Twitter trolls in India: Sexist abuse as a tool to muzzle women

(Illustration: Shutterstock)

(Illustration: Shutterstock)

The social media experience which came across as a liberating tool for women, was often equated with a living room where one could voice opinions in public sphere. However, of late, a series of incidents have sounded a note of caution against the euphoria around social media. It has been compared to a street where women are abused, threatened, ogled at, rebuked, only virtually.

The situation plugs American academic Lawrence Lessig’s contention, “Cyberspace is something we build. Who knows how much of the real world is socially constructed? But, one thing is certain, cyberspace is socially constructed.”

While the online abuse faced by British activist Caroline Criado Perez, who led a successful campaign to have a woman on the £10 note first grabbed the news headlines, the scene in India isn’t too different.

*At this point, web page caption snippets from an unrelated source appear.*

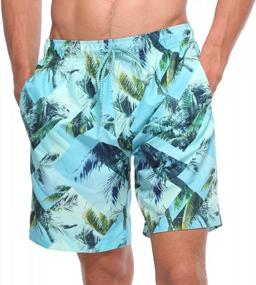 img 1 attached to Stay Comfortable And Trendy At The Beach With Rokka&Rolla Men'S Quick-Dry Swim Trunks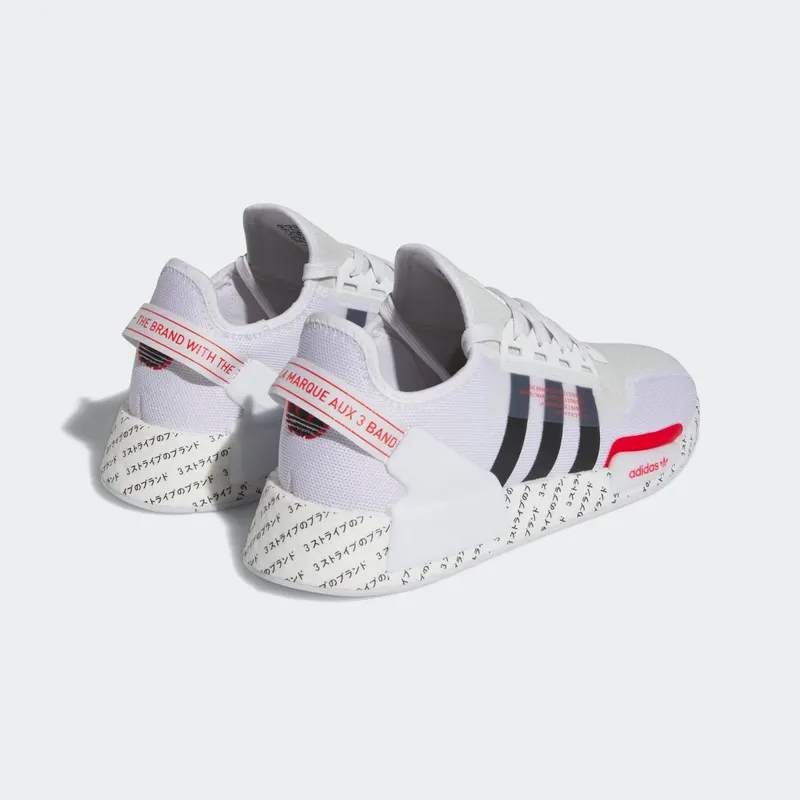adidas NMD R1.V2 Cloud White Core Black Red (ID2853)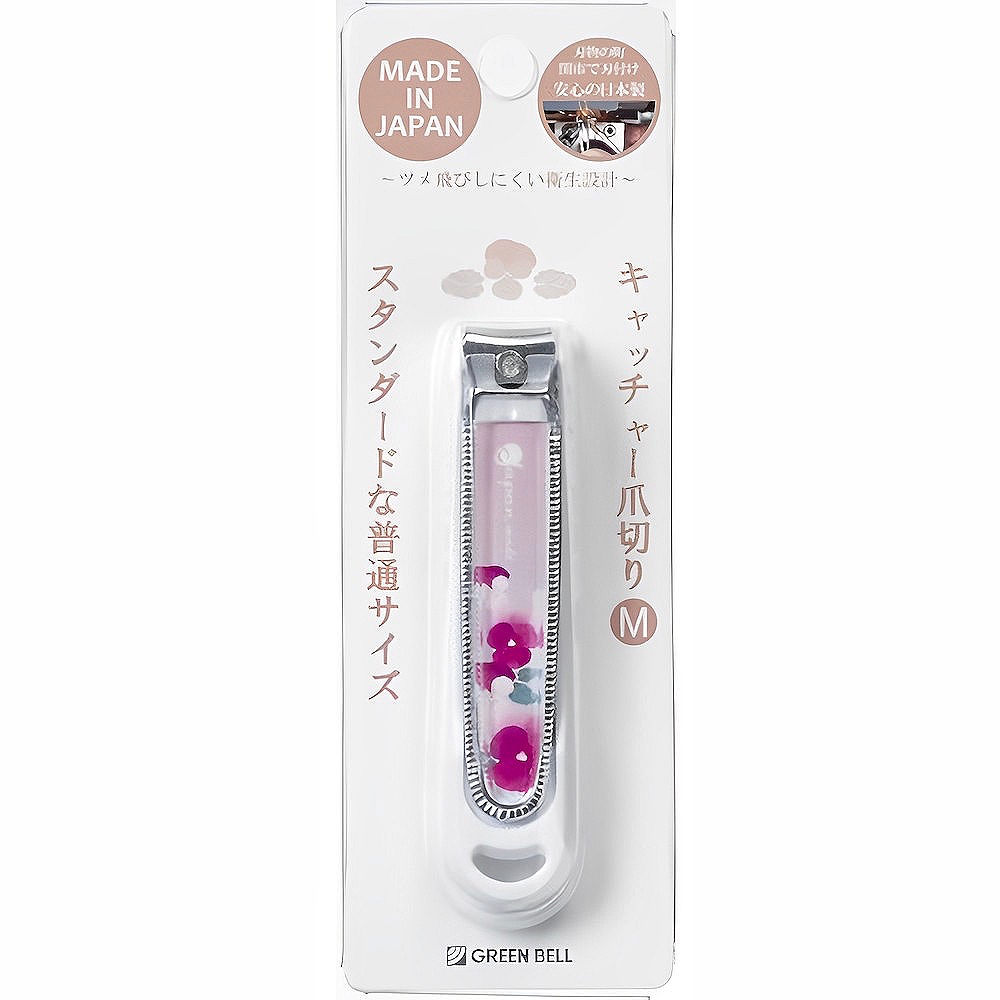 【Greenbell】Nail clipper with catcher M (pink), , large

Even with a limited penetration of the internet, sexist abuse has become a tool to muzzle voices of independent women.

Things seem to have heated even more in the run up to poll season in India, where female Twitter users have increasingly become a subject of sexist abuse.

The abuse over political tweets isn’t a new phenomenon however; it has significantly gone up.

When Kavita Krishnan, feminist activist and political commentator recently opposed the induction of controversial chief of a right-wing outfit, who led an attack on women in a pub, she drew a barrage of abuse. Responses were replete with sexist comments and death threats. Additionally, there were many others who endorsed rape threats directed at her.

Krishnan, a Communist Party politbureau member, is also quick to point out that online abuse grows more vicious when she voices her political opinions. Threats directed at her have ranged from sexual assault to mutilation of genitals. Furthermore, anonymity granted to users on social media platforms has drawn threats directed at her mother too.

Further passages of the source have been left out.